= Giacomo Badoer (died 1537) =

Merchant and administrator of the Republic of Venice

Giacomo Badoer or Jacopo Badoer (c. 1457 – 26 December 1537) was a merchant and administrator of the Republic of Venice.

Badoer was born around 1457 to a certain Sebastiano. (Note: He is seemingly not the same person as the Giacomo Badoer who fought the Ottoman Turks on the Isonzo in 1477. This latter Giacomo was the son of Sebastiano Badoer and Cattaruzza Zustignan, married in 1448. A captain of lanze spezzate, he is usually said to have died in the fighting in 1477, based on Marino Sanuto. The Cronaca of Cristoforo Schioppa, however, says merely that he was captured by the Turks along with several other captains: Gian Giacomo Piccinino, Giovanni Antonio Caldera and Ercole Malvezzi.) In 1476, he married Cristina Marcello di Piero. He served in the Venetian navy and as a merchant trading with Constantinople.

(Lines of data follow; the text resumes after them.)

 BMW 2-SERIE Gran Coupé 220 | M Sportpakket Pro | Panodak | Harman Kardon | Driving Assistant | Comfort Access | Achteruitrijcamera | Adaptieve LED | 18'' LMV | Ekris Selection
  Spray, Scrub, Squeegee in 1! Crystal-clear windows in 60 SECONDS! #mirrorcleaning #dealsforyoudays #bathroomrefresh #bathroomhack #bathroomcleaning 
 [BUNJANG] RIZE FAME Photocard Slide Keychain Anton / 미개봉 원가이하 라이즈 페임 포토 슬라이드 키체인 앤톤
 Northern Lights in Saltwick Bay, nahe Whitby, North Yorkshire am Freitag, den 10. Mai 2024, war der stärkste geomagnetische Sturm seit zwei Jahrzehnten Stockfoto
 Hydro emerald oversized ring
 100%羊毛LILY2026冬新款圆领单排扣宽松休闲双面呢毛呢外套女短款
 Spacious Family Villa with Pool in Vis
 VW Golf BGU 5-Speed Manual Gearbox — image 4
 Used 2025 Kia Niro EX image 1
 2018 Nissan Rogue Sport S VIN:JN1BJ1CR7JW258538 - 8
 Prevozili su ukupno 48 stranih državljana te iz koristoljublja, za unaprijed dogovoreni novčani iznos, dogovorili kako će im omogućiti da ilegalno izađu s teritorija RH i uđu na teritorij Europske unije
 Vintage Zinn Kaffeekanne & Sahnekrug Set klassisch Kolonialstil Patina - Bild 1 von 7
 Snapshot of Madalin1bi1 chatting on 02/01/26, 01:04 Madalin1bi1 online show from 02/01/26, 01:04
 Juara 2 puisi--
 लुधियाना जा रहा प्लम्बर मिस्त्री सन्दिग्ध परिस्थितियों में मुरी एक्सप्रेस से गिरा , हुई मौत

In April 1496, Badoer was elected captain of a galley trading with Alexandria. He returned successfully in November. In 1499, he was named to the zonta of the Venetian Senate. In 1500–1501, he served as governor of Monopoli, in which position, Marino Sanuto records, he achieved a certain renown. He was afterwards elected one of the Dieci Savi alle Decime in charged of Venetian finances.

In 1504, Badoer was elected bailo at Constantinople, but he declined in order to become a senator. On 27 October, the Major Council elected him consigliere (counsellor) of Cyprus, a position he held from early 1505 until November 1507. He returned to Venice and the senate in 1508. In June 1509, he was named provveditore of Corfù, but declined on account of ill health. In August 1510, he was named to a special commission of the Dieci Savi.

In 1513, during the War of the League of Cambrai, Badoer was named luogotenente (governor) of the Patria del Friuli. He was responsible for coordinating the defence of the Patria from the Imperial army under Count Krsto Frankopan. On 30 December, Giovanni Vitturi was named provveditore generale with powers superior to Badoer's. On 12 February 1514, the decision was made to abandon Udine, Cividale and Cormons and fall back on Sacile and Osoppo. Badoer and Vitturi went to Sacile. According to Gregorio Amaseo, Badoer was accused of cowardice and treason for this decision. The decision proved strategically correct, however, and Badoer returned to Udine on 31 May. He was back in Venice by 15 October. He laid the blame for Imperial successes on the sympathies of the Friulian populace.

In 1518, Badoer was named to the Council of Ten. In 1521, he was elected to represent Castello in the Minor Council. In 1522, he was named lieutenant of Cyprus. He sat on the Minor Council again in 1525 and 1530. He died on 26 December 1537.